WORK TO BE COMPLETED - In the data that follows, find the line containing "types of pet spiders"; then quote that line and every line after it, exactly, through the last one.
#### INPUT FOR THIS TASK
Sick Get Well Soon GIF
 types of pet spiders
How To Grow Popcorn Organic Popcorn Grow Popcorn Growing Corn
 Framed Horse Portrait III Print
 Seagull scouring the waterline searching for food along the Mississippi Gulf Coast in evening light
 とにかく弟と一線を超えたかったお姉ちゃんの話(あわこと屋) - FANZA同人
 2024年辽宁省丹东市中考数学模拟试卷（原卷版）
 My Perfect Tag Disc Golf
########
PROBLEM SOLUTION -
 types of pet spiders
How To Grow Popcorn Organic Popcorn Grow Popcorn Growing Corn
 Framed Horse Portrait III Print
 Seagull scouring the waterline searching for food along the Mississippi Gulf Coast in evening light
 とにかく弟と一線を超えたかったお姉ちゃんの話(あわこと屋) - FANZA同人
 2024年辽宁省丹东市中考数学模拟试卷（原卷版）
 My Perfect Tag Disc Golf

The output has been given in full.